That would be amazing.

But, and you don't.

But then on the flip side of that, you think, okay, well,

you can do early access, Patreon, behind the scenes, subscriber-only content.

You can get easier access to merch.

I've got a friend who, the way that they do merch at shows in order to speed it up, is these QR code things that you buy in advance and then you collect it, like getting Uber Eats

collection.

Which is a great idea.

Yep.

You have the

listing on your Spotify page for your upcoming events that will geotarget the people that are listening.

Dude, that wouldn't have happened.

You'd have had to have had an outdoor billboard campaign that would have been organized in each different city that you were were going to, or fly posting, or putting in the newsletter, or putting it on paying for fucking radio spots.

Okay, so we've got that.

We've got merch.

Merch can be sold through a merch shelf on Spotify.

We don't have that yet.

Podcasters don't have that yet.

Whah, I can't sell my merch on Spotify.

You can sell courses same way that you do, the same way that Gabe from iPrevail does, right?

You can use your live experience, capture that, use that as the front end of your funnel, then teach people to do the thing that you do to get the life that you have in order to, you know, so it's kind of just a changing of the times.

But I, I really do,

I feel it because fundamentally what we want is

creative songs that make us feel something and are a good vibe.

And the less that bands are incentivized or artists are incentivized to do that thing,

ultimately the live experience will be worse because the songs aren't going to be as good.

The listening experience is going to be worse because it's going to be more homogeneous and there's going to be less care and attention put into it.

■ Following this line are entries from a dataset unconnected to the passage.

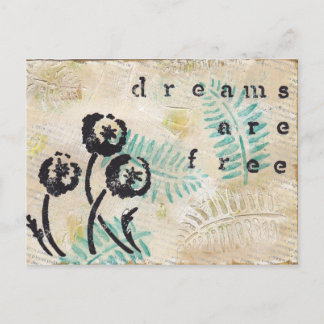 Dreams Are Free Postcard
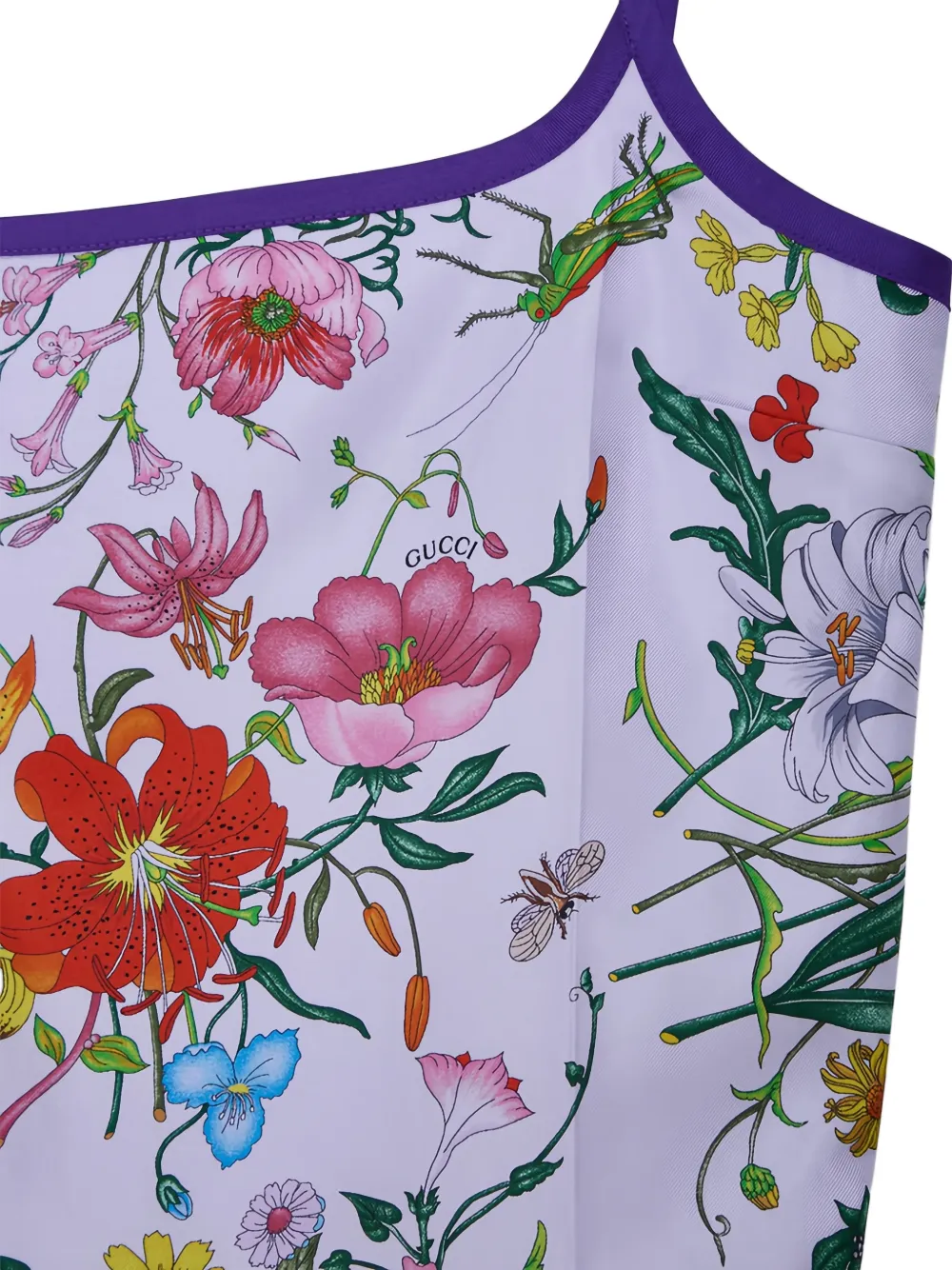  Gucci Floral Top - White 
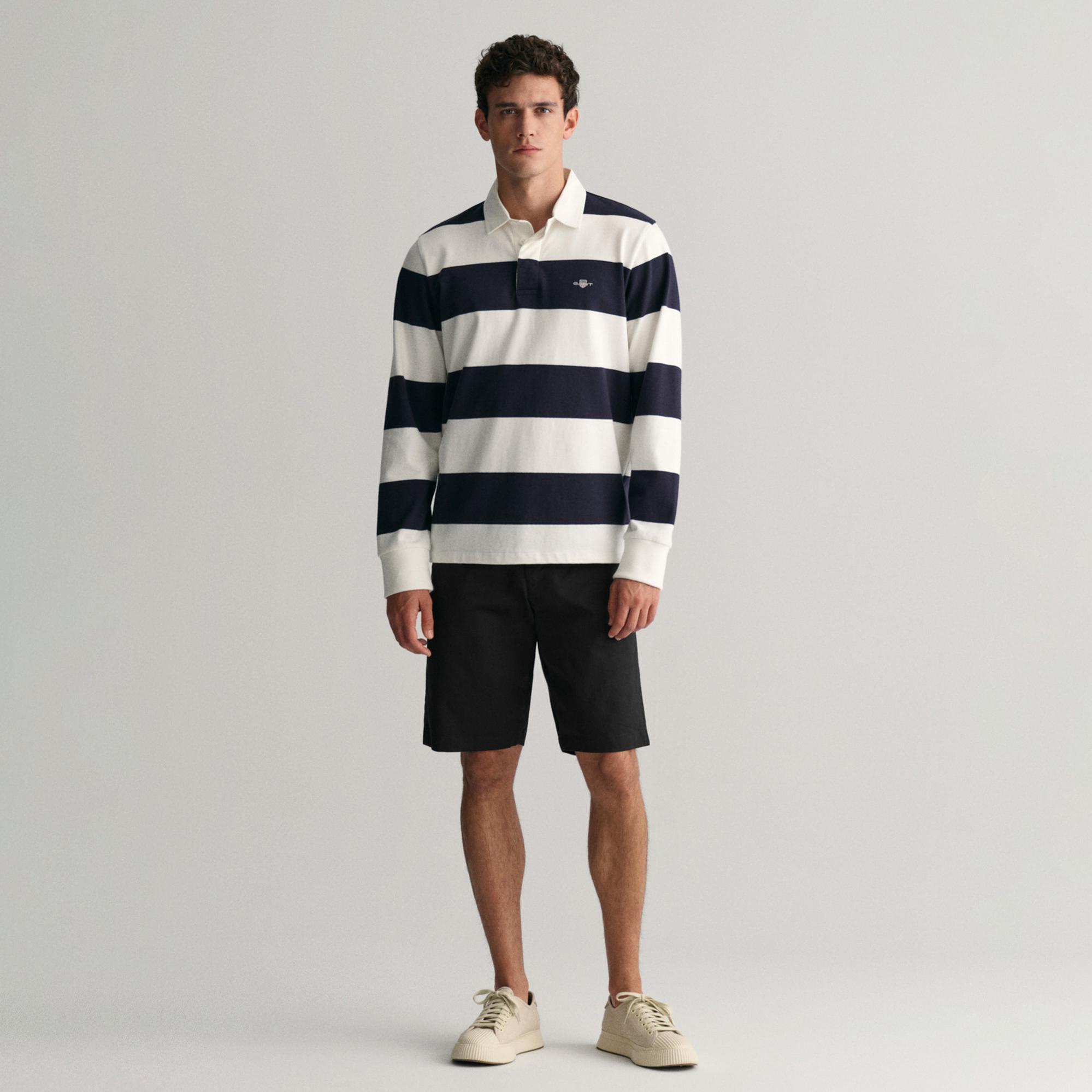 GANT Erkek Siyah Relaxed Fit Chino Şort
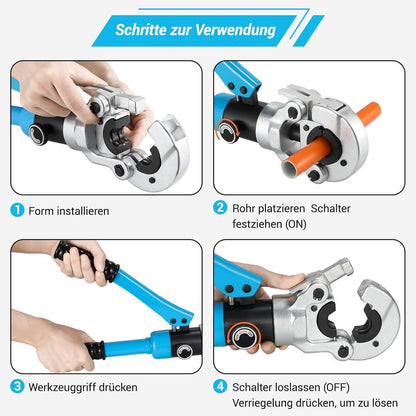 Profi Presszange TH-Kontur für Alu-Kunststoffrohre 16-32mm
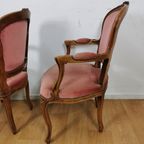 Set Brocante Franse Louis Xv Stoeltjes, Fauteuils Set Prijs thumbnail 15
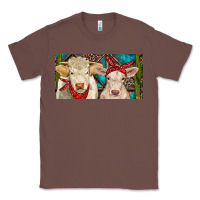Chestnut Charolais bull and calf Classic Tee - RanaPortraitStore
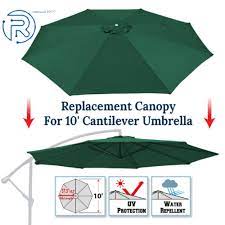 New Replacement Umbrella Canopy For 10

Like everything is sort of born out of the song.

And

is it Spotify's job to incentivize the culture of music creation in that way?

Probably not.

I think it's a difficult argument to make that it's their job to do it, but

it kind of is their position in the market

to enable that at least.

And I think that this little Gordian knot is kind of where people get caught up

when I open Spotify.

If there's a band that's in town in Atlanta, I say, oh my God, they're playing.

I mean, that's, it's,

that's amazing to be able to

you're, you've shown the interest, and you go to this artist.

I would never have known because there are no magazines or anything that I look at to see.

I, I Fred again's coming to Austin.

Right.

I didn't even see that.

Yeah.

So it's, it's, uh,

uh,

there's so many artists that I, when I look at Spotify, that I'll click on a song and I was like, oh my God, they'll be here next week.

And

I think that there are so many opportunities for people to,

you have to be creative, though, to make, to, to take all these different

income streams and combine them to make a living.

But

the

my friend Tosen, Tosin Abasi, Tosin has a guitar company.

He

has plug-ins that he makes, or

he's got so many different things that he's a part of.

He's a real entrepreneur.

And the people that do well

nowadays are people that

don't just write songs and go out and tour with their band.

They have to figure out

what their recipe is for making a living.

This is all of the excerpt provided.